◆ **How to complete this task**
Transcribe the line holding "Trippy Laptop Sleeve" together with every line after it, through the end of the records, exactly and with no pictures.
BEGIN
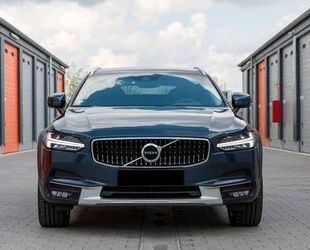 Volvo Volvo V90 2,0l D5 Cross Country Navi,ACC,Totwinkel Gebrauchtwagen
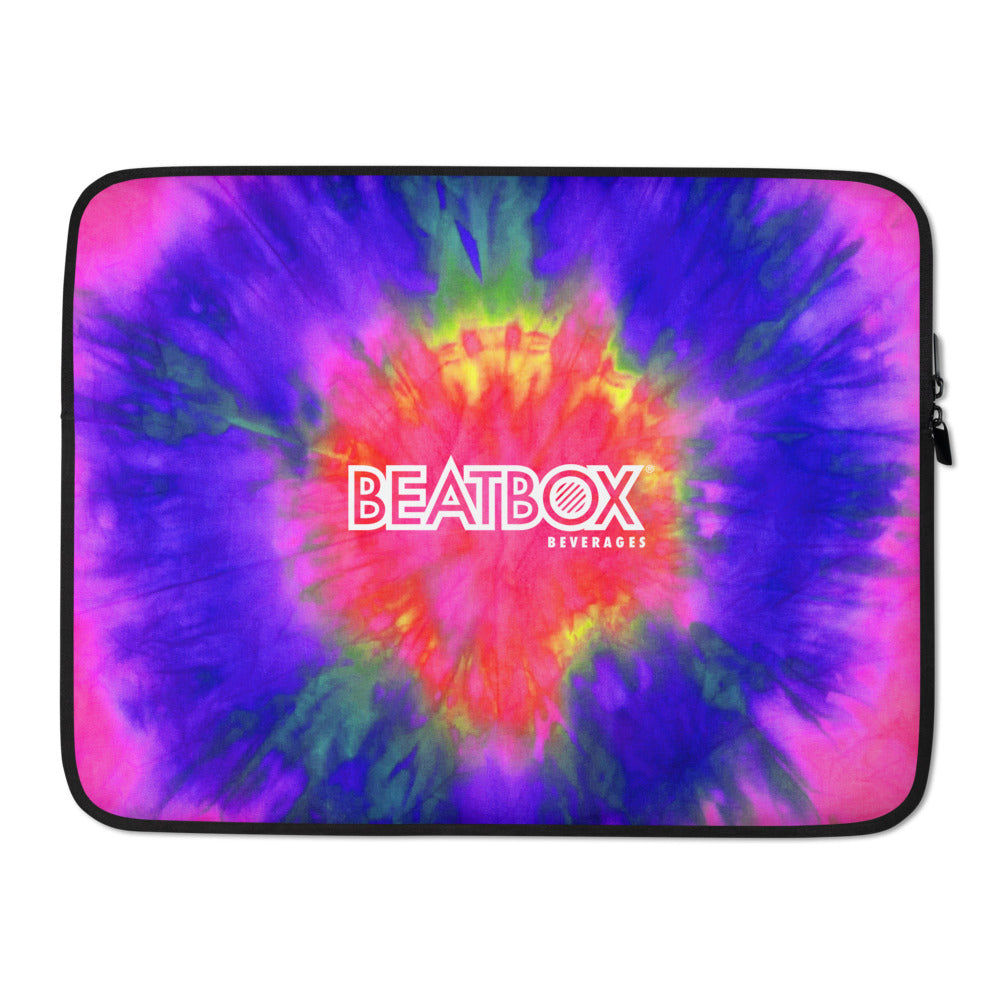 Trippy Laptop Sleeve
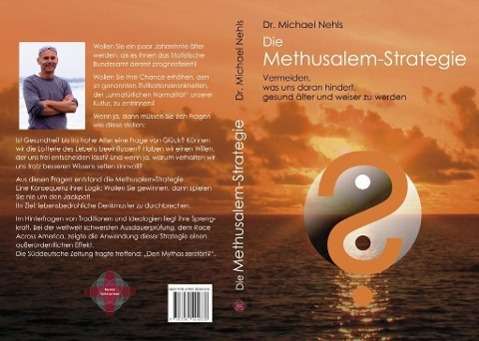 Cover for Michael Nehls · Die Methusalem-Strategie (Paperback Book) (2011)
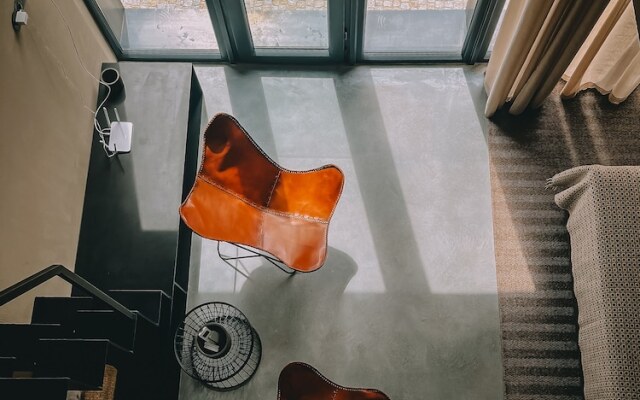 TerraSense Mountain Charm Retreat & Farm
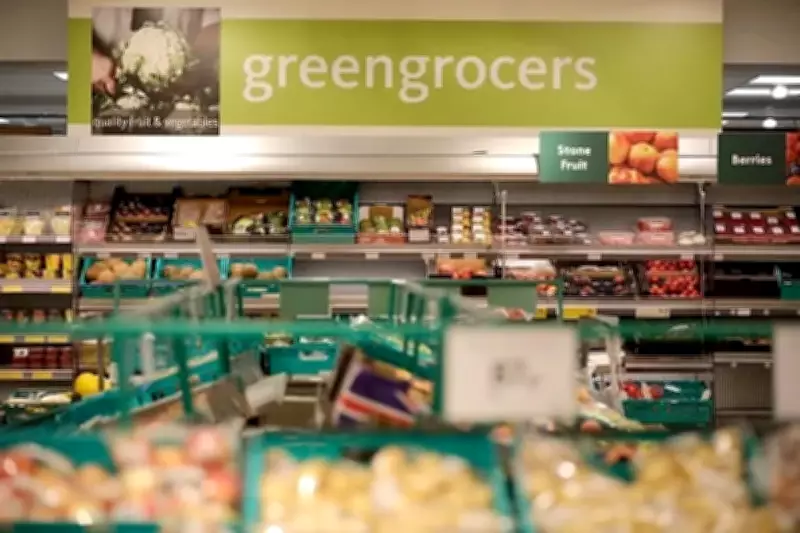 Food Industry Warns of Inflation 'Calm Before the Storm' Amid Iran War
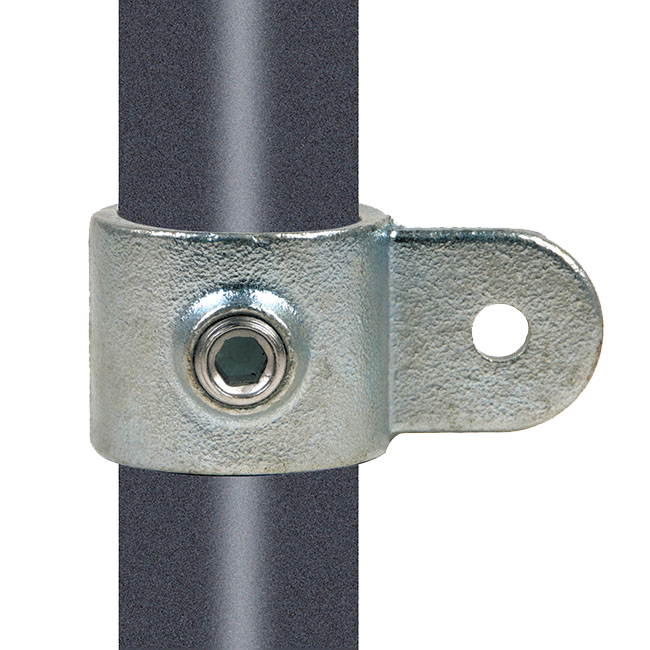 Frame connector 173M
END
◆ **Answer area**
 Trippy Laptop Sleeve
 Cover for Michael Nehls · Die Methusalem-Strategie (Paperback Book) (2011)
 TerraSense Mountain Charm Retreat & Farm
 Food Industry Warns of Inflation 'Calm Before the Storm' Amid Iran War
 Frame connector 173M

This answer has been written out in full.